Dredging company says testing shows only trace amounts of dioxins
In response to Bluebonnet News’ request for comment, Thomas P. Marian, general counsel and partner of Holtmar Land LLC, issued a statement to explain why the Devers site was chosen and what steps the company is taking to prevent the dredged soil from impacting other properties.
“This site was deemed suitable to receive the dredged material because it is remote, does not flood regularly, and there are no adjacent wetlands. It also is in an isolated area away from schools, hospitals, parks, and residential areas; an important consideration for the safety of the nearby community,” the statement reads.

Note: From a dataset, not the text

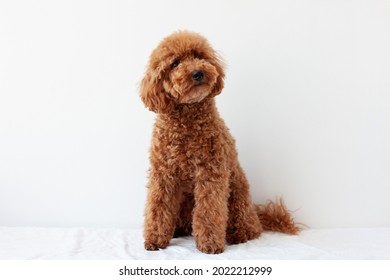 A miniature poodle of red brown color, trimmed in an Asian style, sits on a white background with his head tilted to the side. The concept of grooming dogs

Holtmar Land LLC says it has completed sediment testing in the proposed dredge location, per the Texas Commission on Environmental Quality’s Regulatory Sampling Procedures for the San Jacinto River Waste Pits Superfund Site.
The findings reported concluded that of the 10 sampling locations on the dredging site, only one had any measurable dioxin present in the sample. While dioxins are known to cause toxicity in animals at a concentration of 100 parts per million (PPM) with daily exposure, the levels in the one detectable sample were 0.0000462 parts per million, more than 2.16 million times below the threshold.
If the site is approved by the U.S. Army Corps of Engineers, Holtmar Land LLC says it plans to treat all dredged material as if they were contaminated. They plan to do so by using a containment berm and liner to prevent leeching of toxins into the groundwater and by applying a geosynthetic clay liner that is 20 times more impermeable than typical clay liners used in these types of projects. The liner is said to be self-healing around punctures and is less likely to be impacted by freeze-thaw or wet-dry cycles.
“Holtmar Land hired environmental scientists to review its property in Devers for wetlands, floodplain, and streams. Historically, the property has been used as a pine plantation and does not have wetlands located within the proposed dredged material placement area, or DMPA,” the statement reads.